After moving to L.A. in 2016, Goldsmith started a catering business geared towards film sets, a decision provoked by the various co-workers who kept asking David where he’d gotten the homemade lunches he'd bring to work. Her exemplary cooking skills have led to the latest act in her colorful life story: chef-owner of Spicy Sugar Thai Mid-City, an exceptional six-month-old restaurant located in an unlikely place—a former motel diner near La Brea and San Vicente. While Goldsmith also offers a crowd-pleasing menu of fusion dishes and takeout classics, it’s her homestyle menu of Isaan-style cuisine full of heat, funk and flavor that makes Spicy Sugar Thai really stand out from the crowd.

Spicy Sugar Thai Exterior
Photograph: Jesse Hsu for Time OutThe motel-anchored space most recently housed a Brazilian restaurant.

Goldsmith also maintains Spicy Sugar’s original location in Long Beach, which the self-taught chef purchased from Jitlada’s Jaratporn “Sugar” Sungkamee in 2021. Both locations are still named after Sungkamee, the daughter of the late Suthiporn “Tui” Sungkamee. The elder Sungkamee was the chef whose Southern Thai specialties first catapulted Jitlada to national renown back in 2007. That was the year the late Jonathan Gold, then writing for L.A. Weekly, reviewed the place two months after a semi-anonymous person named Erik M. recapped his visit to Jitlada on a Chicago-based message board. 

As with the case of Jitlada, Spicy Sugar Mid-City got onto my radar thanks to an online forum. In this case, it was Food Talk Central. An anonymous user named AlwaysHungry claimed Spicy Sugar had started serving “some of the best Thai food in the city,” and I couldn’t resist checking out if such a claim would hold up. After sampling nearly the entire menu, I can tell you it does, though you need to know what to order. 
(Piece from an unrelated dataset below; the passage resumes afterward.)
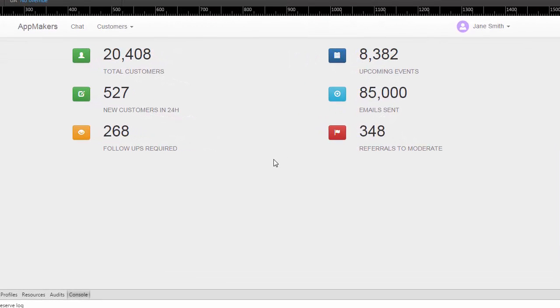Hi, I'm Shusty. In this video I want to address a question that I got on YouTube about making some of these statistics in one of my demo apps into actual real statistics.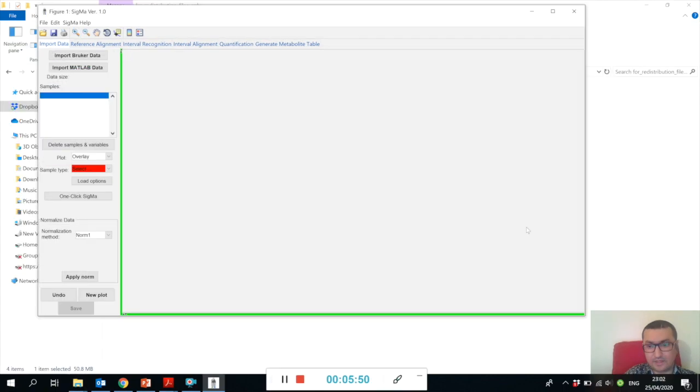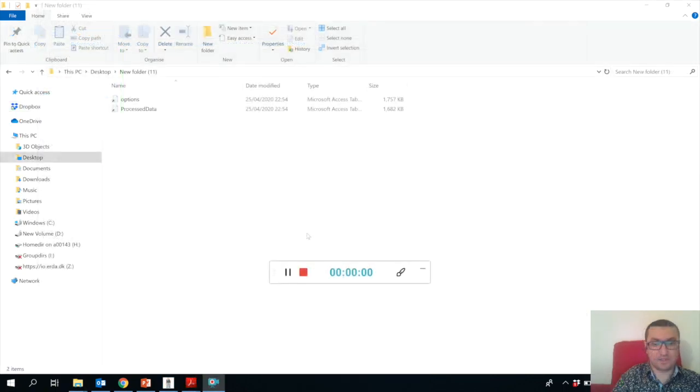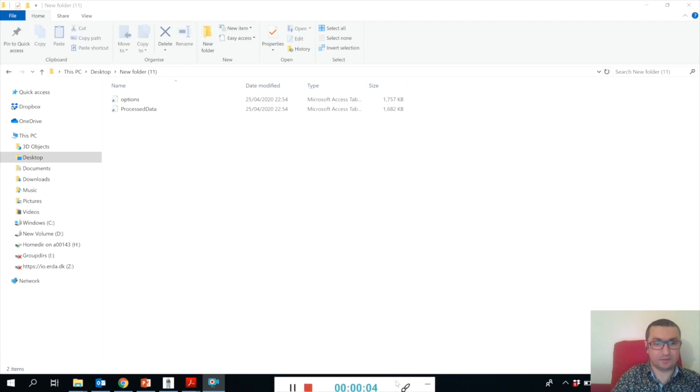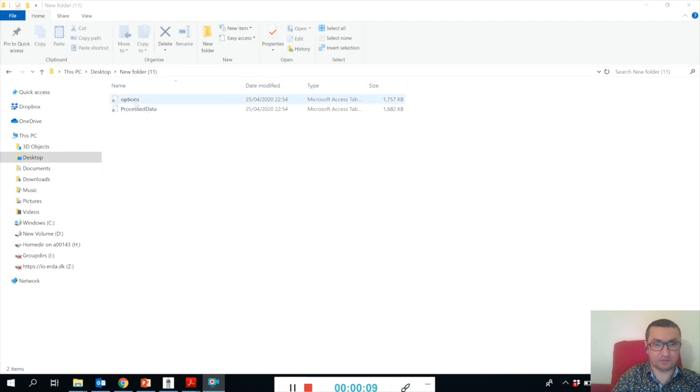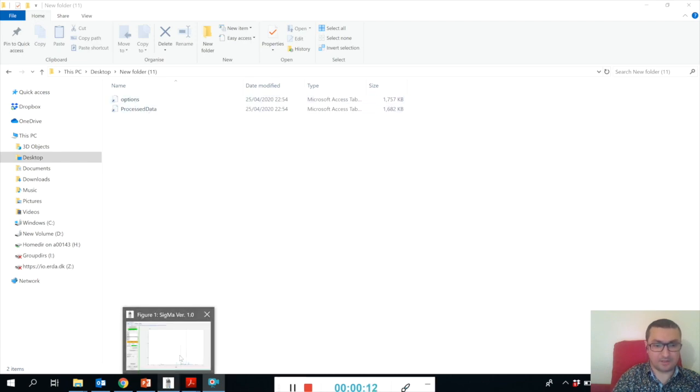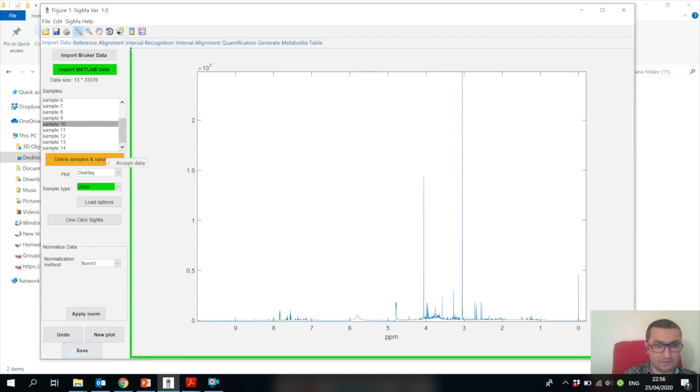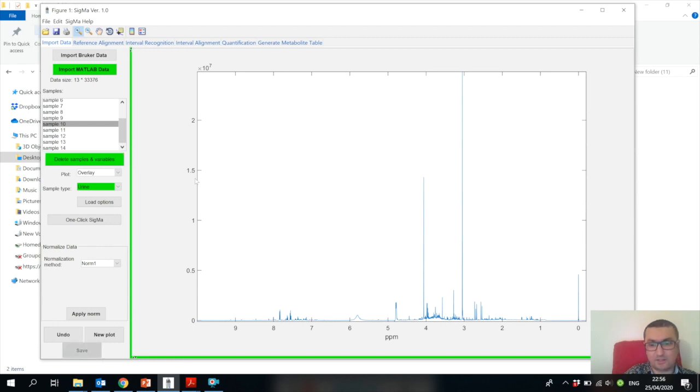It will ask where do we want to save this. Let's say we want to create a new folder - let's create New Folder 11. Now we have saved our data in New Folder 11.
Spicy Sugar's somtum tad (center). From clockwise: Khao soi, pork namtok, mango sticky rice, chef Katt's special fried rice, green curry dumplings, duck larb and whole grilled squid.
Photograph: Jesse Hsu for Time OutSpicy Sugar's somtum tad (center). From clockwise: Khao soi, pork namtok, mango sticky rice, chef Katt's special fried rice, green curry dumplings, duck larb and whole grilled squid.
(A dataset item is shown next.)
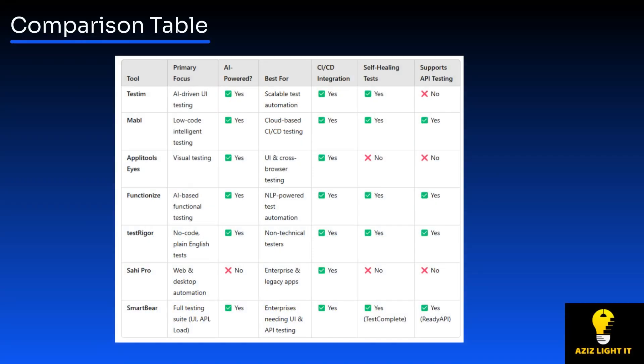So how do you choose the right tool for your needs? Here are some quick recommendations: if you need AI-powered self-healing UI test automation, go with Testim or Mabl or Functionize. If you need plain English-based no-code automation, choose TestRigor. If you need visual testing and cross-browser consistency, go with Applitools Eyes. If you work with enterprise or legacy apps, choose Sahi Pro. If you need a full-stack testing solution covering UI, API, and performance, go with SmartBear.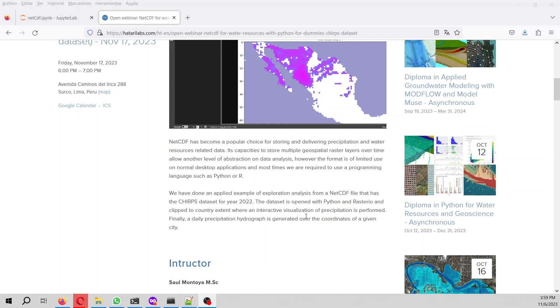The webinar is on November 17th at 6 p.m. Amsterdam time. We hope we can see you there because it will be very practical. NetCDF is a format that is gaining weight when dealing with distributed precipitation and climate change scenarios. Hope to see you there. Bye bye.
Like Jitlada, Spicy Sugar takes a two-pronged approach to Thai cooking. To broaden the restaurant’s appeal, Goldsmith serves takeout classics familiar to most Angelenos, some of which are recipes carried over from the days of Sugar and Tui. What’s far more interesting, however, are the esoteric regional dishes popular mostly among the Thai community—at least until now. In Spicy Sugar’s case, the lesser-known cuisine hails from Isaan, a part of Thailand that includes Goldsmith’s home province of Roi Et.

The northeastern region borders the country of Laos and offers similar cuisine to Thailand’s lesser known neighbor. A few Spicy Sugar dishes remind me of the recently closed pop-up, Yum Sະlut, which has started vending at Hollywood’s atSiam Night Market on the weekends. Among Spicy Sugar’s half-dozen variations on papaya salad, also known as somtum, you’ll find two Lao-style versions made with fermented fish or salted crab. Neither are for the faint of heart on their own, though they’re balanced out nicely when served as part of somtum tad, a family-style platter that combines crispy pork, boiled eggs, rice noodles, fried fish, shrimp and pork sausage. 

Spicy Sugar Thai somtum tad
Photograph: Jesse Hsu for Time OutFull of texture contrasts, the somtum tad is a delightful way to get a little bit of all things Isaan cuisine.

Having visited almost every restaurant in Thai Town, plus other notable Thai restaurants across the city, I can honestly say there are no other places in L.A. executing Isaan-style cuisine at the same level as Spicy Sugar. “All the Isaan food [on the menu] is mine,” says Goldsmith, when asked how she’s changed the menu since taking over. She also takes credit for the Mid-City location's pad thai (Long Beach customers are attached to Tui's original recipe) and a Chinese sausage fried rice that’s become popular among Mid-City locals. Goldsmith offers two kinds of flavorful larb, both of which crackle with spices and toasted rice powder. There’s also the succulent pork namtok, which features slices of juicy pork jowl tossed in a larb dressing and served with refreshing slices of cabbage.

Larb is all well and good, though readily available at most restaurants in Thai Town, not to mention Luv2Eat Thai and, of course, Night + Market, which is widely credited with popularizing the dish. Where Goldsmith distinguishes herself most is with seafood dishes, including Spicy Sugar’s miang pla pao, a whole grilled (or fried) tilapia served with rice noodles, lettuce, fresh herbs, various aromatics and not one, but two dipping sauces. The chunky peanut sauce and garlicky, bright green nam jjim, or chili sauce, add textural contrast to each lettuce-wrapped bite.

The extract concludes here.